Exact copy without images: repeat every entry as written.

━━━━━━━━

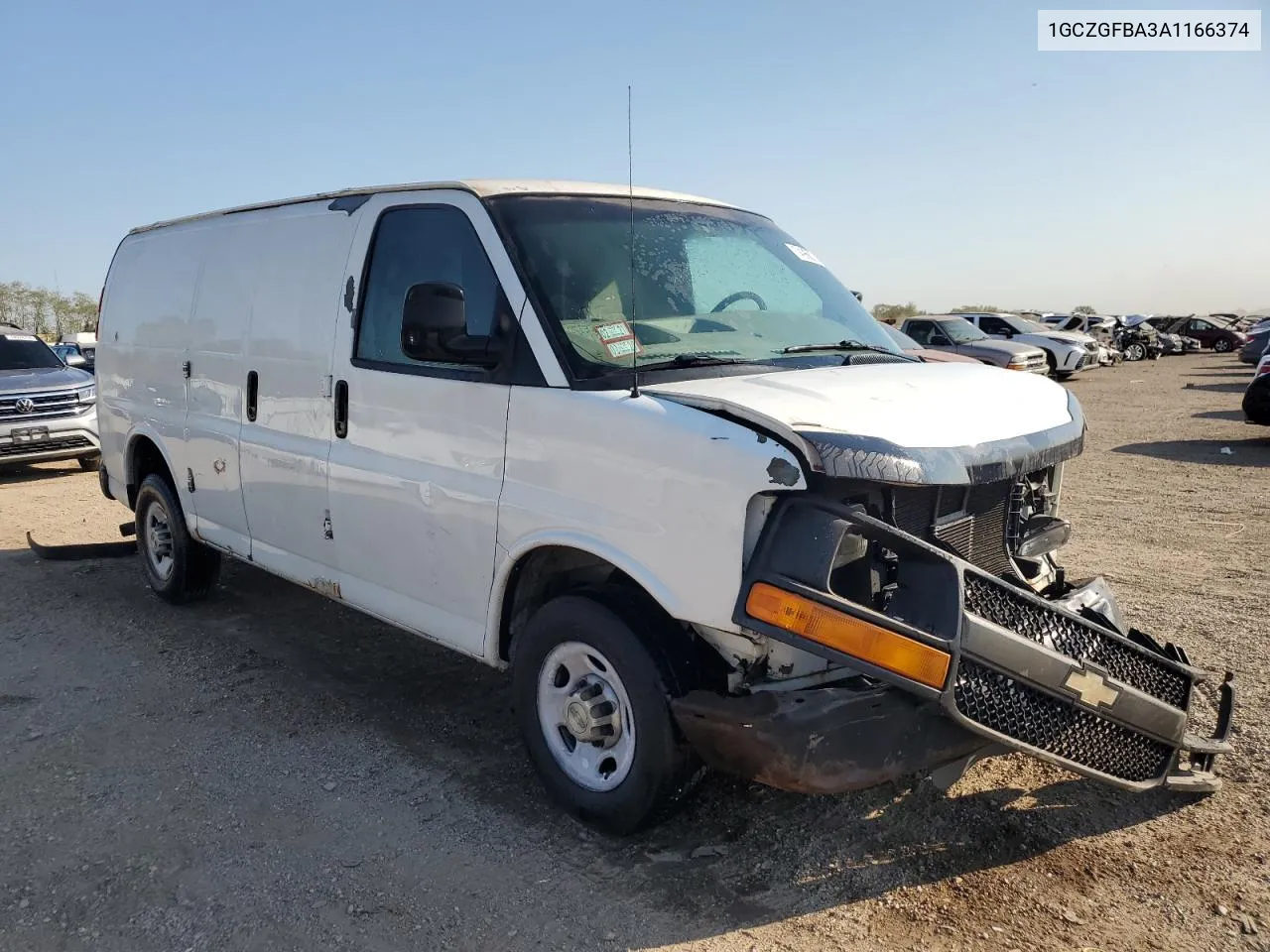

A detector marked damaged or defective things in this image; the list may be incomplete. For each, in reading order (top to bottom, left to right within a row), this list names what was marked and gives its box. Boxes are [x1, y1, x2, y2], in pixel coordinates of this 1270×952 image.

detached grille [0, 388, 81, 423]
detached grille [0, 436, 91, 459]
damaged front end of van [670, 391, 1234, 801]
detached grille [964, 573, 1194, 710]
detached grille [954, 659, 1168, 786]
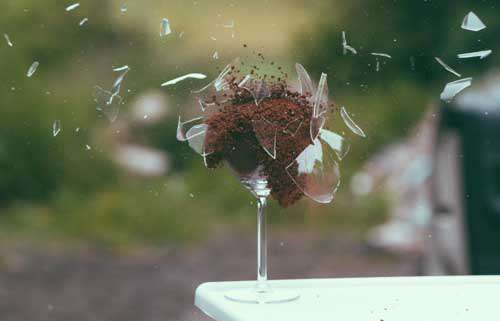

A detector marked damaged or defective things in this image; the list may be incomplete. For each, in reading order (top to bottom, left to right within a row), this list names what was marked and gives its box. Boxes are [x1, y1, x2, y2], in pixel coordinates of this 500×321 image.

shattered glass piece [462, 11, 486, 31]
shattered glass piece [342, 31, 358, 55]
shattered glass piece [93, 84, 122, 122]
shattered glass piece [239, 76, 272, 104]
shattered glass piece [294, 62, 314, 96]
shattered glass piece [312, 72, 328, 118]
shattered glass piece [434, 56, 460, 77]
shattered glass piece [440, 77, 470, 101]
shattered glass piece [177, 114, 204, 141]
shattered glass piece [187, 123, 208, 154]
shattered glass piece [254, 117, 278, 158]
shattered glass piece [284, 117, 302, 135]
shattered glass piece [318, 127, 350, 160]
shattered glass piece [340, 105, 364, 137]
shattered glass piece [288, 138, 342, 202]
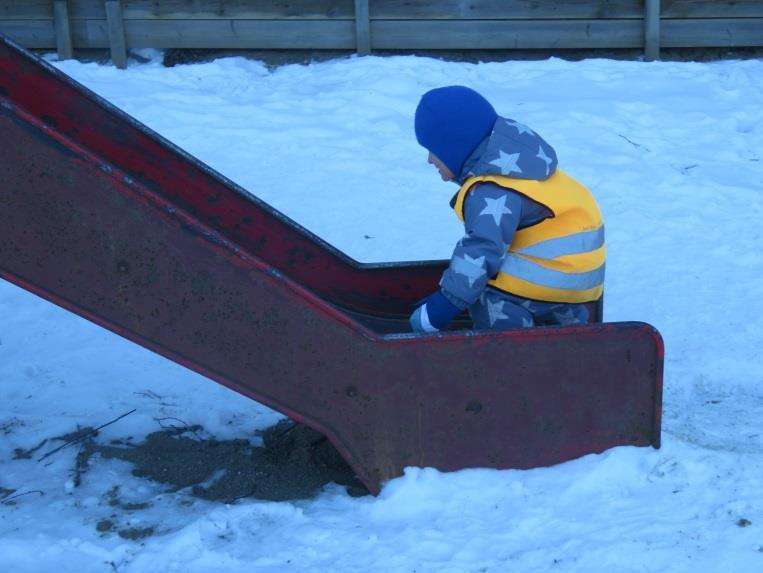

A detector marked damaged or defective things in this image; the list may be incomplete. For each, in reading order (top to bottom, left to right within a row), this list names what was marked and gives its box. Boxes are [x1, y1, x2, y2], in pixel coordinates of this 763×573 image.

rusty metal surface [0, 34, 660, 492]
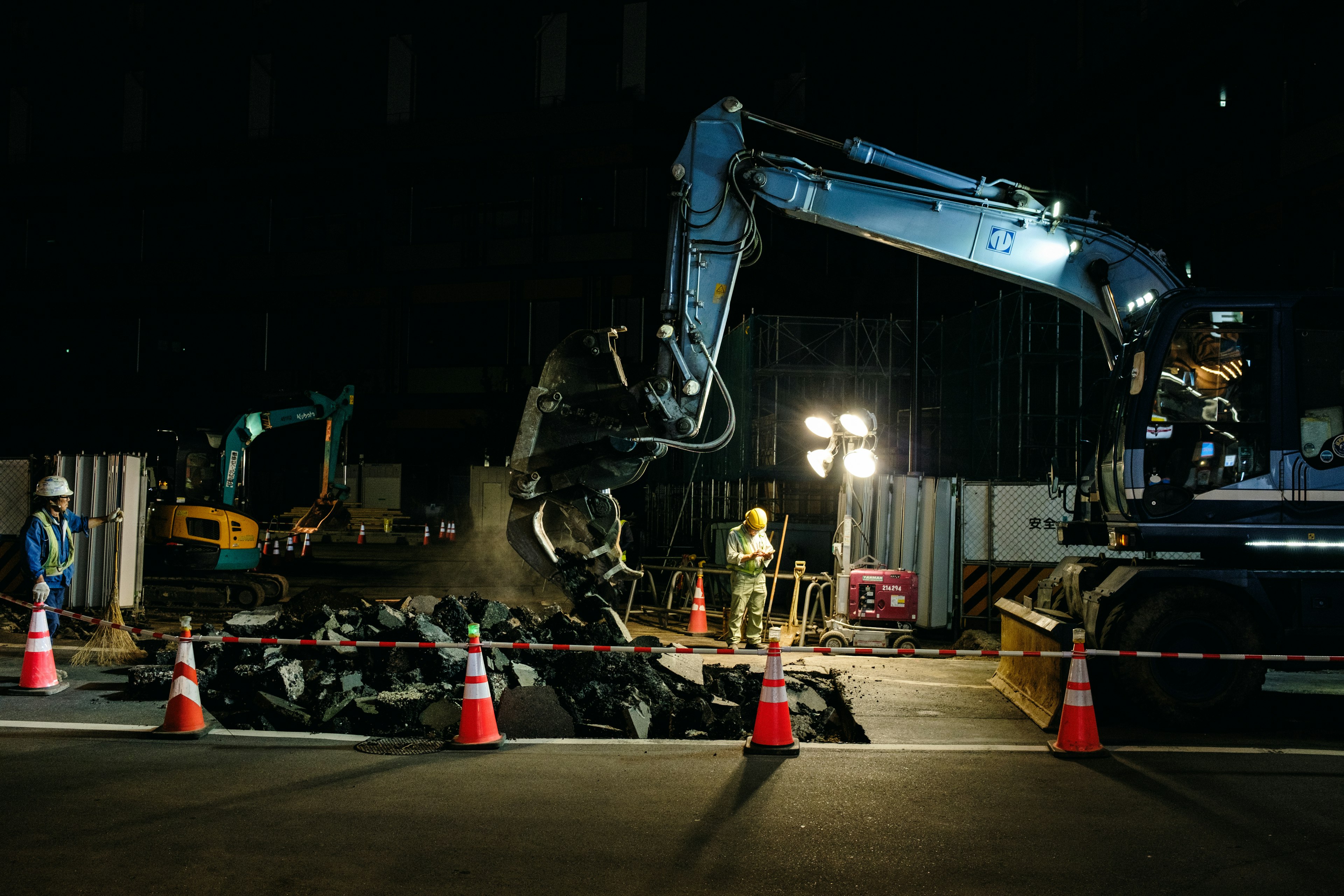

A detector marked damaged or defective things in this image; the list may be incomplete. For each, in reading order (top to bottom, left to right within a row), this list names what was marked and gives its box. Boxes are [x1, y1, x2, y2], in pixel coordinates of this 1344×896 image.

broken asphalt rubble [128, 586, 860, 741]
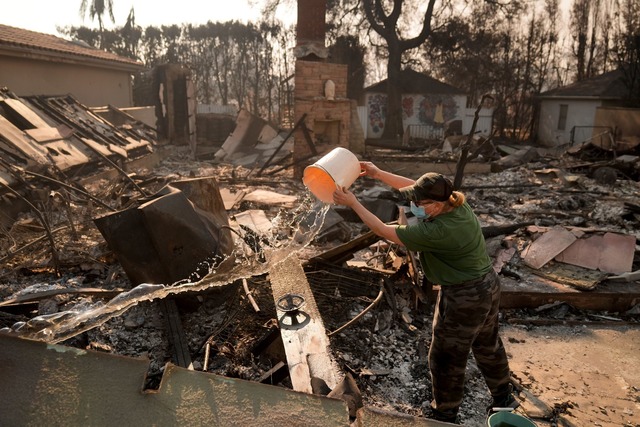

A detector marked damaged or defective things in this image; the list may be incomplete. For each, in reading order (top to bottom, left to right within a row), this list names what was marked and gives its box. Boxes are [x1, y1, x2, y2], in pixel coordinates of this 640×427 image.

fire damage [1, 88, 640, 427]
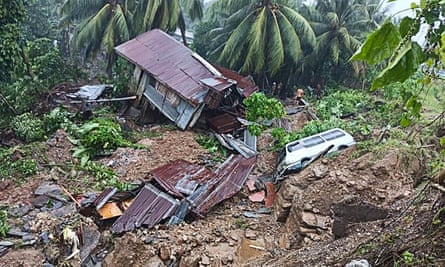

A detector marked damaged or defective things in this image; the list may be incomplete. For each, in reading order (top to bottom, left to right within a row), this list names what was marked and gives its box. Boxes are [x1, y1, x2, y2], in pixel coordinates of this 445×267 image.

rusty metal panel [114, 29, 213, 104]
rusty corrugated metal roof [115, 29, 214, 104]
damaged house [115, 29, 256, 132]
rusty metal panel [111, 184, 179, 234]
rusty corrugated metal roof [111, 184, 179, 234]
rusty corrugated metal roof [149, 159, 215, 199]
rusty metal panel [150, 159, 216, 199]
rusty corrugated metal roof [188, 155, 256, 218]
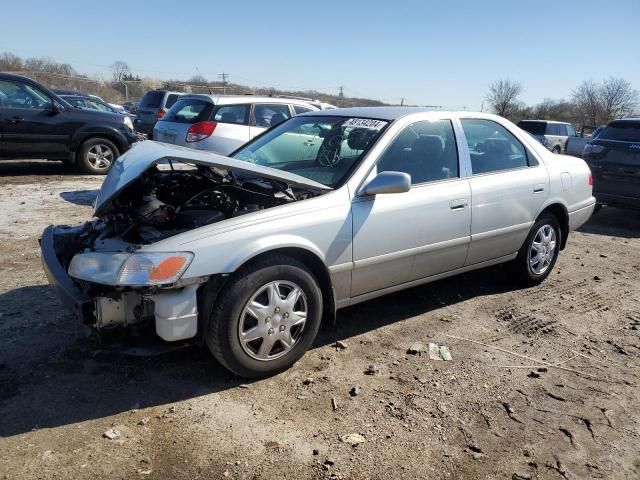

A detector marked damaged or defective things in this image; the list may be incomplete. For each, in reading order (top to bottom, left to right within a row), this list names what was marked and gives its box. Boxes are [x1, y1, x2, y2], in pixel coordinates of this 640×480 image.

crushed hood [94, 141, 330, 216]
front bumper damage [40, 225, 204, 342]
damaged silver sedan [41, 107, 596, 376]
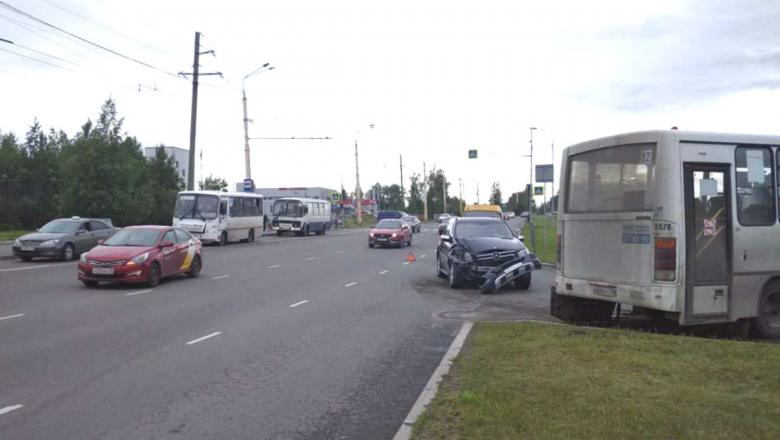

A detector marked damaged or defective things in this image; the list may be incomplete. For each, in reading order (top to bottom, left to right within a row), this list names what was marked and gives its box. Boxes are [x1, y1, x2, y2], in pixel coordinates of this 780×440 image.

crashed black suv [436, 216, 540, 292]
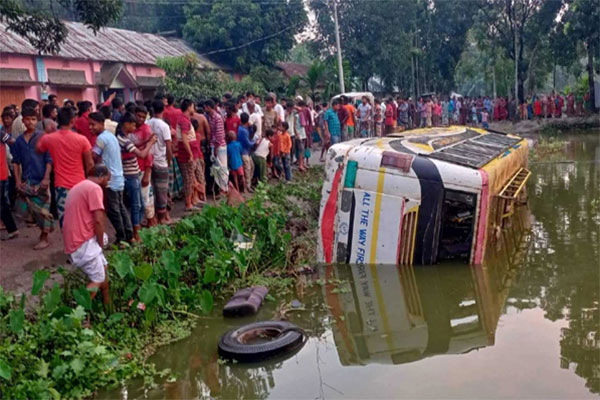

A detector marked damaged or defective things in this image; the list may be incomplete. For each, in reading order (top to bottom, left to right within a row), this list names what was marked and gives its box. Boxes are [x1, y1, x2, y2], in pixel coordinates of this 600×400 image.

overturned bus [318, 127, 528, 266]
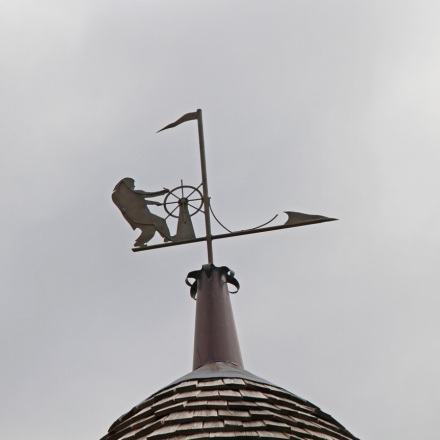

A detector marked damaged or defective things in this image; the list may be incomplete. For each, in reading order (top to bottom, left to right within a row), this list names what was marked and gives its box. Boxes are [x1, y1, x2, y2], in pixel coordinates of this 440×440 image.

rusty metal post [192, 264, 242, 372]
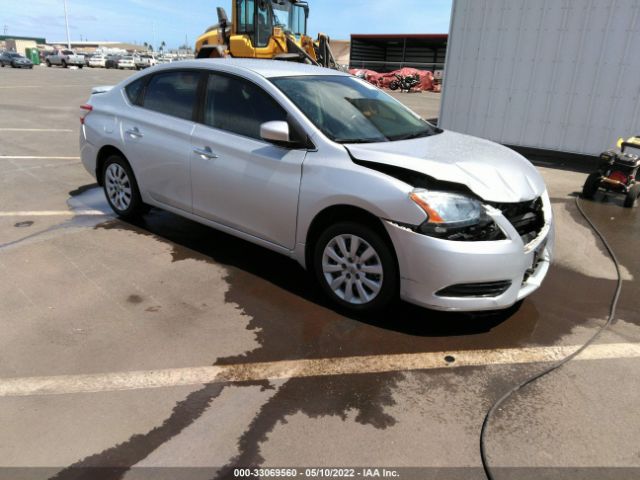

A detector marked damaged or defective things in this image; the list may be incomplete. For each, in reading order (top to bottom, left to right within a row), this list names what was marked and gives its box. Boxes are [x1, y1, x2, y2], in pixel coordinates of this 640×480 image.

━━━━━━━━

- [Response to the task]
A detector marked damaged or defective things in this image; the list may be incomplete. For each, in reading order (top to bottom, left to right within a row), this list names what was marked and gives its box. Boxes are [x1, y1, x2, y2], in pixel coordinates of this 1270×952 image.

detached grille [0, 388, 81, 423]
detached grille [0, 436, 91, 459]
damaged front end of van [670, 391, 1234, 801]
detached grille [964, 573, 1194, 710]
detached grille [954, 659, 1168, 786]

A detector marked damaged or defective things in this image; the list may be incomplete. For each, in reading order (top to bottom, left to right within a row), this list names what was marked and gives its box. Boxes are [x1, y1, x2, y2], in pixel coordinates of this 500×321 image.

shattered glass piece [462, 11, 486, 31]
shattered glass piece [342, 31, 358, 55]
shattered glass piece [93, 84, 122, 122]
shattered glass piece [239, 76, 272, 104]
shattered glass piece [294, 62, 314, 96]
shattered glass piece [312, 72, 328, 118]
shattered glass piece [434, 56, 460, 77]
shattered glass piece [440, 77, 470, 101]
shattered glass piece [177, 114, 204, 141]
shattered glass piece [187, 123, 208, 154]
shattered glass piece [254, 117, 278, 158]
shattered glass piece [284, 117, 302, 135]
shattered glass piece [318, 127, 350, 160]
shattered glass piece [340, 105, 364, 137]
shattered glass piece [288, 138, 342, 202]

A detector marked damaged or defective things in this image; the list may be incomplete. For each, in reading order (top to bottom, left to right within a row), this list names what was marked and gives its box. Boxes are [x1, y1, x2, y2], in pixel coordinates of this 763×573 image.

rusty metal surface [0, 34, 660, 492]

A detector marked damaged or defective things in this image; the list may be incomplete. For each, in reading order (top to bottom, left to right within a row), this list names what was marked and gives its box. Boxes are [x1, y1, x2, y2], in pixel coordinates of this 1344×896 image.

broken asphalt rubble [128, 586, 860, 741]

A detector marked damaged or defective things in this image; the list may be incomplete. For each, in reading order (top to bottom, left to right within a row), this list names what was marked and gives its box. Boxes are [x1, y1, x2, y2], in pixel coordinates of this 640×427 image.

fire damage [1, 88, 640, 427]

A detector marked damaged or defective things in this image; the list may be incomplete. For each, in reading order (top to bottom, left to right within a row), this list names what was marked and gives its box. Boxes are [x1, y1, x2, y2], in pixel coordinates of this 445×267 image.

rusty metal panel [114, 29, 213, 104]
rusty corrugated metal roof [115, 29, 214, 104]
damaged house [115, 29, 256, 132]
rusty metal panel [111, 184, 179, 234]
rusty corrugated metal roof [111, 184, 179, 234]
rusty corrugated metal roof [149, 159, 215, 199]
rusty metal panel [150, 159, 216, 199]
rusty corrugated metal roof [188, 155, 256, 218]

A detector marked damaged or defective things in this image; the list may be incomplete. For each, in reading order (top to bottom, left to right within a row), this list names what was marked and gives its box. Boxes are [x1, y1, x2, y2], in pixel coordinates of this 640×480 image.

crushed hood [94, 141, 330, 216]
front bumper damage [40, 225, 204, 342]
damaged silver sedan [41, 107, 596, 376]

A detector marked damaged or defective things in this image; the list may be incomplete. For each, in reading order (top to bottom, left to right within a row), this list names what was marked and gives its box. Boxes are [x1, y1, x2, y2], in pixel coordinates of this 780×440 image.

crashed black suv [436, 216, 540, 292]

A detector marked damaged or defective things in this image; the list may be incomplete. For each, in reading order (top to bottom, left to right within a row), this list names what was marked and gives its box. Boxes are [x1, y1, x2, y2], in pixel coordinates of this 600×400 image.

overturned bus [318, 127, 528, 266]

A detector marked damaged or defective things in this image; the list may be incomplete. For each, in reading order (top to bottom, left to right within a row), this list names what was marked and gives its box. Boxes are [x1, y1, x2, y2], in pixel coordinates of this 440×440 image.

rusty metal post [192, 264, 242, 372]

A detector marked damaged or defective things in this image; the list may be incomplete. For each, in reading order (top to bottom, left to right within a row), this list names what was marked and gives its box. Boxes are [x1, y1, x2, y2], in pixel coordinates of this 640×480 image.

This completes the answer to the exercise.